Construction equipment manufacturers will rely on the North American market in 2016, as the U.S. economy continues to prove itself the stable cornerstone of the global economy, according to the 2016 Strategy Guide, published by Noealt Corporate Services. The report examines the strategic focus and priorities of the leading construction equipment manufacturers.
Among traditional markets, the U.S. market is likely to spearhead market direction going forward and will hold the key to shaping the near- to medium-term global market outlook. Additionally, massive investments are going to be required in U.S. infrastructure rebuilding and repair over the medium term. The advent of a long-term transportation bill, with the passing of the FAST Act in December 2015, provides more than $300 billion in federal funding toward transportation projects in the U.S. through 2020, which is likely to give a significant boost to the industry in the U.S. Additionally, the Fed's monetary policy stance in 2016 and the outcome of the U.S. presidential elections will be significant for the industry in the near term.

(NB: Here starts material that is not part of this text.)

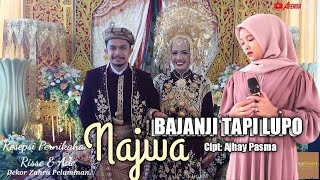 NAJWA .BAJANJI TAPI LUPO.(cover). Cipt: Ajhay Pasma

In Europe, the economy entered deflation in February with lower crude oil prices and a slowing down of manufacturing activity amid fears of sluggish growth in 2016, which is likely to lead to quantitative easing by the ECB (European Central Bank) in the near term. China's growth forecast for 2016 has been set at the lower 6.5-7 percent range along with Moody's downgrading the outlook for China from stable to negative. The country has already been focusing on rolling out stimulus measures to boost economic growth amid massive planned layoffs in the steel and coal sectors. The effectiveness of stimulus measures and overall policy focus in China in near term, thus, are likely to be decisive for the economic activity and the construction equipment market.
The global construction equipment market, meanwhile, continues to face significant headwinds with the market having witnessed its third straight year of demand contraction in 2015 with continued economic challenges across China, Brazil and Russia impacting investments toward infrastructure development across these markets.
The Chinese growth engine, which has led the pace of the market for more than a decade now, is seemingly undergoing a major overhaul with the Chinese market for construction equipment having almost halved in 2015. With economic growth slowing down to the lowest in more than 25 years amid continued financial markets volatility, the country strives to transition to a more consumption-driven economy with limited reliance on manufacturing and heavy industries, which has impacted the industry significantly.
The Brazil and Russian economies, on the contrary, have been impacted severely by the energy sector downturn in addition to the ongoing political crisis in Brazil. Pressures are likely to prevail across these economies over the near term. Additionally, the ongoing mining slump with continued weakness in commodity prices and the downturn in the energy sector with oversupply driven, sustained slide in crude oil prices have collectively further exacerbated and worsened the situation for the industry.
The near-term strategy focus of the industry OEMs (original-equipment manufacturers) remains cautious with a focus on restructuring of operations aimed at rationalization and optimization of their industrial and overall cost base in line with the prevailing, difficult market environment aimed at protecting and managing profitability amid rapidly contracting topline. Almost all industry OEMs have deployed a slew of measures, which include massive production cuts, prudent inventory and cost-base management, workforce downsizing, and consolidation, as well as optimization of industrial footprint along with share repurchase programs to manage this difficult industry downswing.